This study explores the U.S. National Oceanic and Atmospheric Administration’s (NOAA) storm database. This database tracks characteristics of major storms and weather events in the United States, including when and where they occur, as well as estimates of any fatalities, injuries, and property damage. The events in the database start in the year 1950 and end in November 2011. Storms and other severe weather events can cause both public health and economic problems for communities and municipalities. Many severe events can result in fatalities, injuries, and property damage, and preventing such outcomes to the extent possible is a key concern. The results of the analysis show that tornados are the weather event that causes the greatest number of fatalities and injuries and also the event that has the worst economic consequences.
This project involves exploring the U.S. National Oceanic and Atmospheric Administration’s (NOAA) storm database. The data for this assignment comes in the form of a comma-separated-value file compressed via the bzip2 algorithm to reduce its size. The file was downloaded from http://d396qusza40orc.cloudfront.net/repdata%2Fdata%2FStormData.csv.bz2 on Fri September 25 2015 15:14. The first step is to read the data:
projdata <- read.csv("repdata-data-StormData.csv.bz2")
This data records the impact of an event on population health by logging the number of fatalities and injured people as a result of the event. This report considers the event which causes the greatest number of fatalities and injuries combined the most harmful. As fatalities and number of injuries are logged separately, it is necessary to transform the two into one variable by adding them:
projdata$FatalitiesAndInjuries <- projdata$FATALITIES + projdata$INJURIES
The event which is the most harmful with respect to population health is the event which has the highest value for this new variable ‘FatalitiesAndInjuries’ overall. To discover which is the most harmful event, it is necessary to aggregate the ‘FatalitiesAndInjuries’ variable for all the records in the data by event.
harmfulness <- aggregate(FatalitiesAndInjuries~EVTYPE,projdata,sum)
mostharmfulevent <- harmfulness[ which(harmfulness$FatalitiesAndInjuries==max(harmfulness$FatalitiesAndInjuries)), "EVTYPE" ]

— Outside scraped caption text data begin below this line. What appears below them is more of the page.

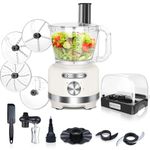 Homtone 16 Cup Food Processor with Storage Box, 10-in-1 with 7 Blades & a Whisk for Slicing, Chopping, Grating, Shredding, Pureeing & Dough Kneading, Extra-Large 3" Feed Chute, 600W, White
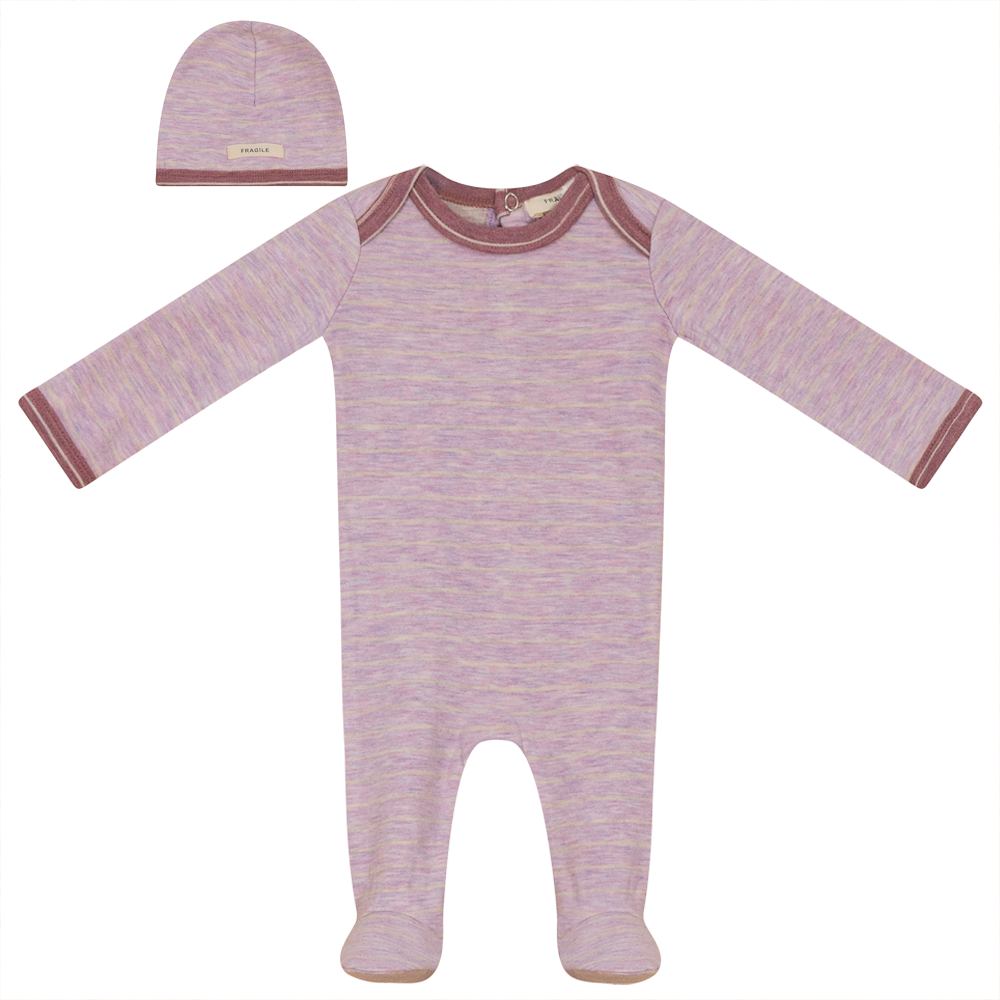 Knit Onesie with Hat Mauve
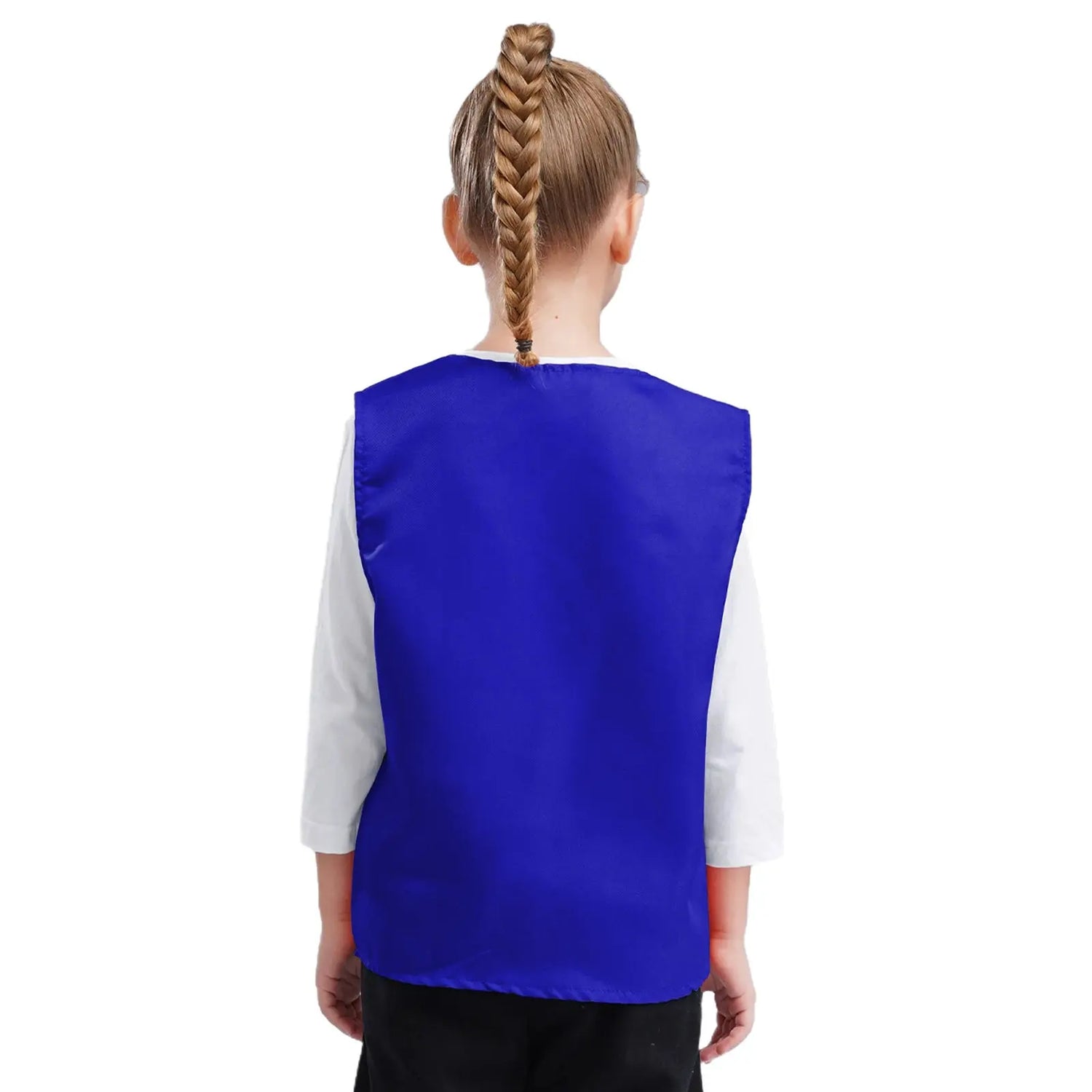 Kids Boys Girls Button Volunteer Vest Solid Color V Neck Sleeveless Waistcoat Volunteers School Camp Activities Uniform SHOPEZRA L.L.C.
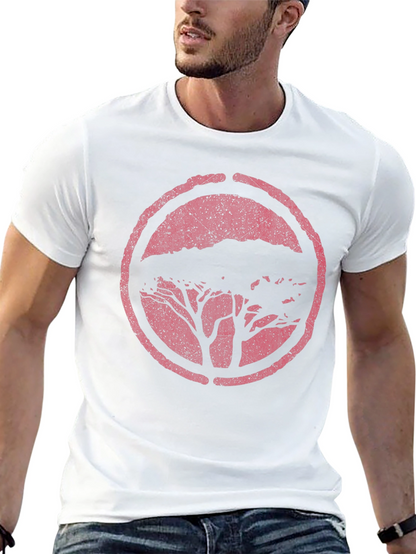 Black T-Shirt with Distressed Tree Circle Graphic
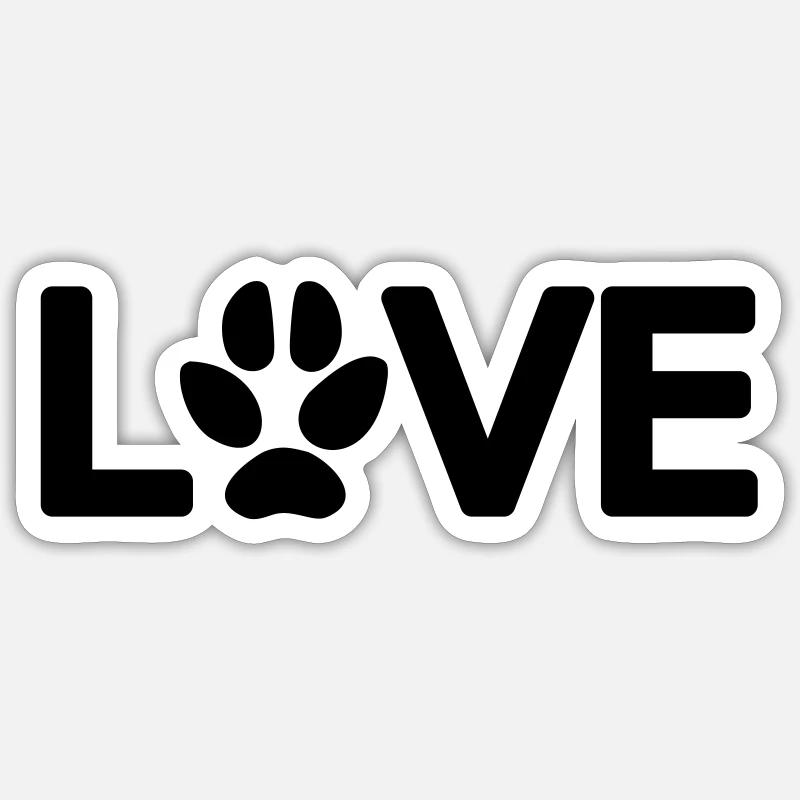 Love Hundepfote 1 Vector - Sticker Größe S (10 x 10 cm) - Mattweiß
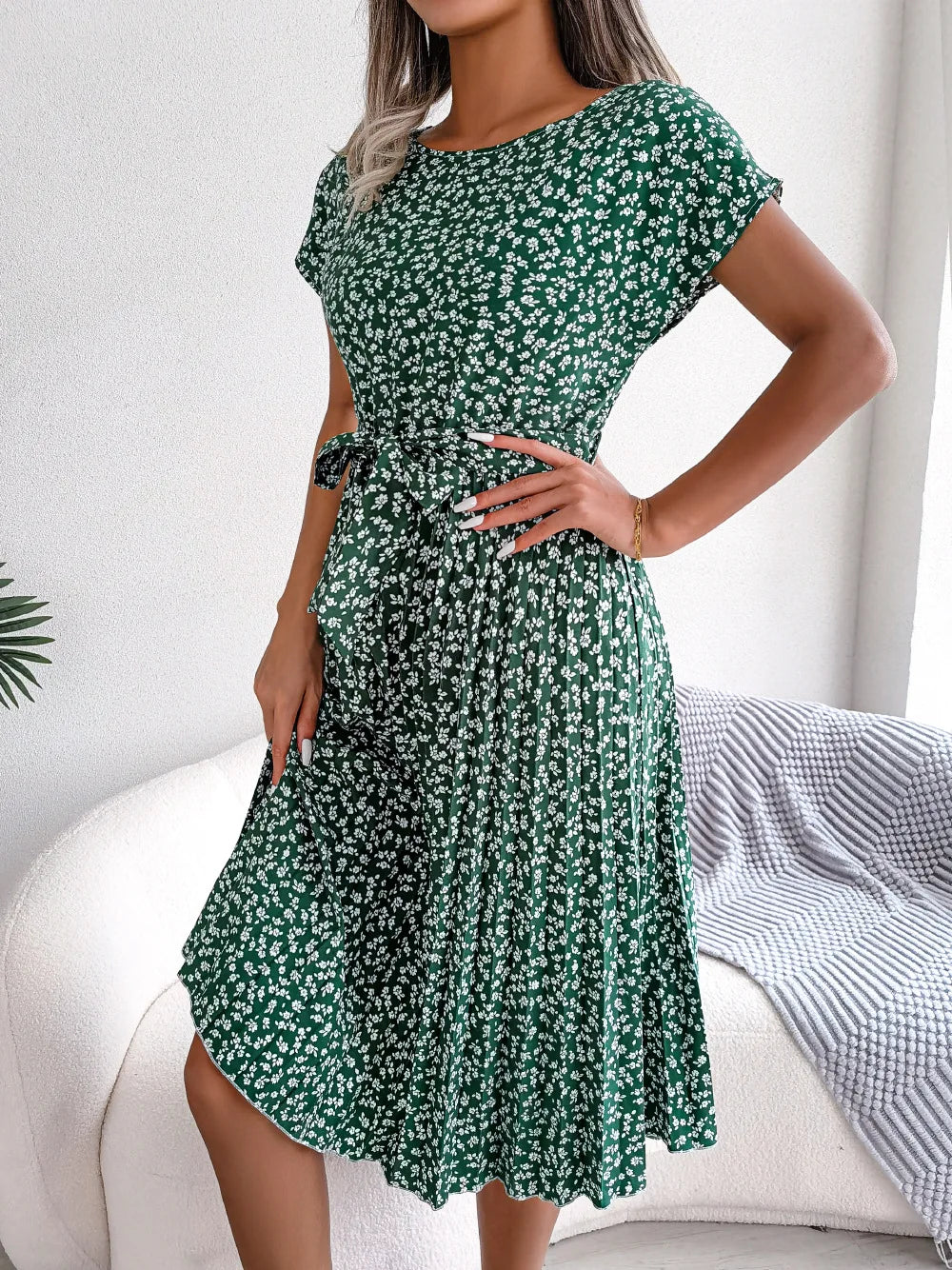 Women Dresses™ Spring Summer Short Sleeve High Waist Floral Pleated A Line Long Dress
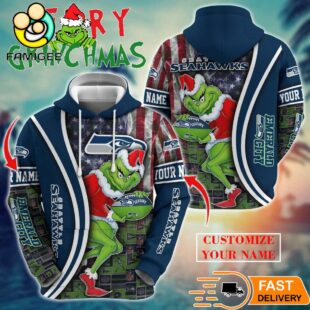 Seattle Seahawks NFL Merry Grinchmas 2025 All Over Print Hoodie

Therefore, the most harmful event is the TORNADO. The following plot shows how the harmfulness of this event compares to that of the other top 10 most harmful events.
library(ggplot2)
## Warning: package 'ggplot2' was built under R version 3.1.3
harmfulness <- harmfulness[ rev(order(harmfulness$FatalitiesAndInjuries)), ]
harmfulness <- harmfulness[1:10,]
gg <- ggplot(harmfulness,aes(x=EVTYPE,y=FatalitiesAndInjuries,fill=EVTYPE)) + geom_bar(stat="identity")
gg <- gg + xlab("Event type") + ylab("Number of fatalities and injuries")
gg <- gg + theme(axis.text.x = element_text(angle=90))
gg <- gg + ggtitle("The 10 most harmful events\n in terms of caused fatalities and injuries")
gg <- gg + guides(fill=guide_legend(title="Event type"))
print(gg)
The NOAA storm database provides estimates of the property and crop damages as actual dollar amounts. To analyse the economic consequences of the events, a new variable is created that sums the property and crop damages.
projdata$Damages <- projdata$PROPDMG + projdata$CROPDMG
The event which has the greatest economic consequences is that which generates the greatest damage. To discover which it is, it is necessary to aggregate the new ‘Damages’ variable for all the records in the data by event.
totaldamages <- aggregate(Damages~EVTYPE,projdata,sum)
mostcostlyevent <- totaldamages[ which(totaldamages$Damages==max(totaldamages$Damages)), "EVTYPE" ]
Therefore, the event with the greatest economic consequences is the TORNADO. The following plot shows how the economic consequences of this event compare to those of the other top 10 events with the greatest economic consequences.
library(ggplot2)
totaldamages <- totaldamages[ rev(order(totaldamages$Damages)), ]
totaldamages <- totaldamages[1:10,]
gg <- ggplot(totaldamages,aes(x=EVTYPE,y=Damages,fill=EVTYPE)) + geom_bar(stat="identity")
gg <- gg + xlab("Event type") + ylab("Economic consequences (in US dollars)")
gg <- gg + theme(axis.text.x = element_text(angle=90))
gg <- gg + ggtitle("The 10 events with the greatest economic consequences")
gg <- gg + guides(fill=guide_legend(title="Event type"))
print(gg)
The results of the analysis show that tornados are the weather event that causes the greatest number of fatalities and injuries, with a much greater number of fatalities and injuries than the other top 10 events. Tornados are also the event that has the worst economic consequences, followed by flash floods with a significantly lower economic impact.